**RECORDED INFORMATION**.
-*-

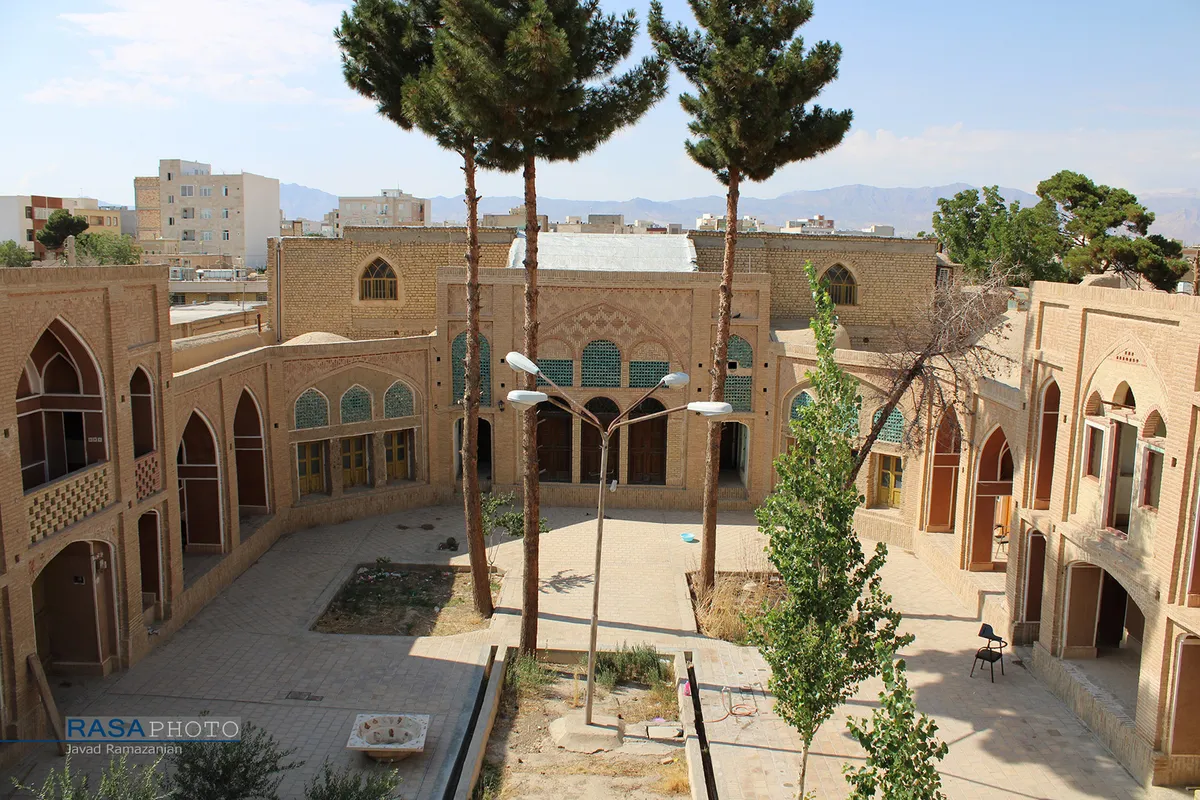 حوزه علمیه موسویه دامغان "مدرسه آقا"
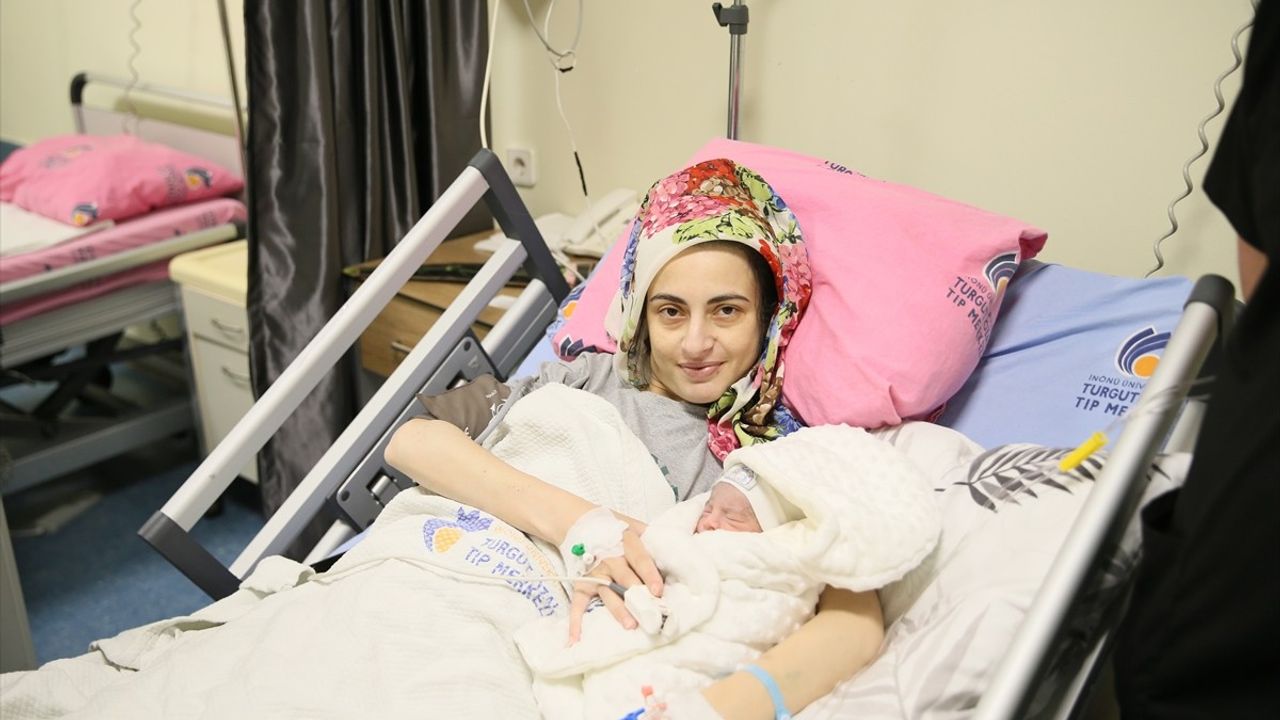 Hamileyken Karaciğer Nakli: İpek Demir Hem Sağlığına Hem Bebeğine Kavuştu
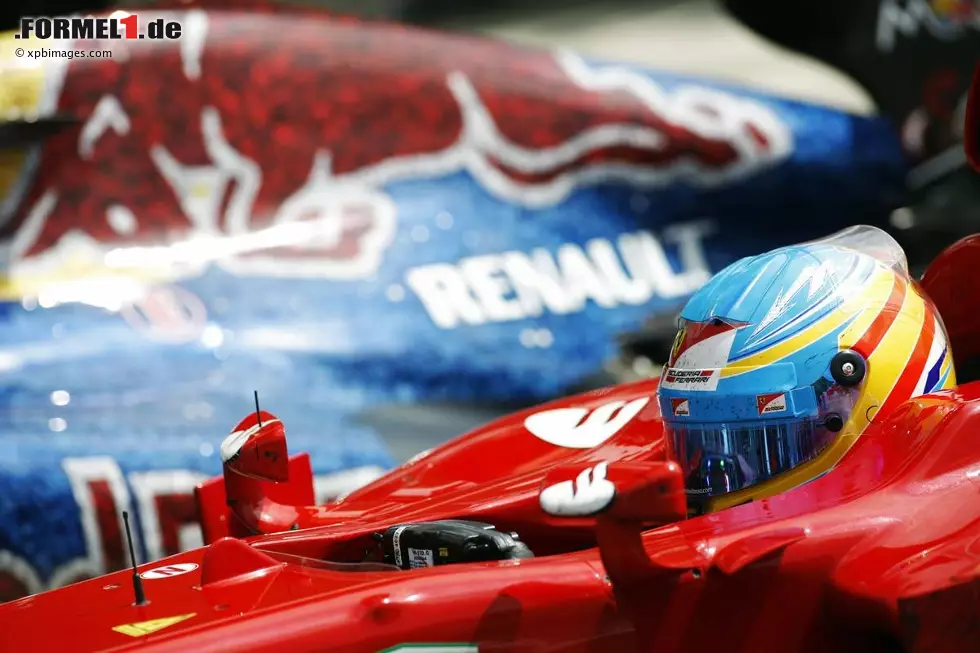 Corriere dello Sport (Italien): "Am Schluss bewahrt Alonso seinen Platz an der Spitze der WM. Doch er hat ein wenig an Sicherheit verloren. Ferrari zeigt, dass es wieder wettbewerbsfähig ist, doch Webber hat den Sieg voll verdient." Foto zur News: Corriere dello Sport (Italien): "Am Schluss bewahrt Alonso seinen Platz an der Spitze der WM. Doch er hat ein wenig an Sicherheit verloren. Ferrari zeigt, dass es wieder wettbewerbsfähig ist, doch Webber hat den Sieg voll verdient."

-*-

**DIRECTIONS FOR THIS TASK**. Excluding the pictures, retype the line containing "Hamileyken Karaciğer Nakli: İpek" and all lines after it down to the end of the data above.

**EXPECTED OUTPUT**.
 Hamileyken Karaciğer Nakli: İpek Demir Hem Sağlığına Hem Bebeğine Kavuştu
 Corriere dello Sport (Italien): "Am Schluss bewahrt Alonso seinen Platz an der Spitze der WM. Doch er hat ein wenig an Sicherheit verloren. Ferrari zeigt, dass es wieder wettbewerbsfähig ist, doch Webber hat den Sieg voll verdient." Foto zur News: Corriere dello Sport (Italien): "Am Schluss bewahrt Alonso seinen Platz an der Spitze der WM. Doch er hat ein wenig an Sicherheit verloren. Ferrari zeigt, dass es wieder wettbewerbsfähig ist, doch Webber hat den Sieg voll verdient."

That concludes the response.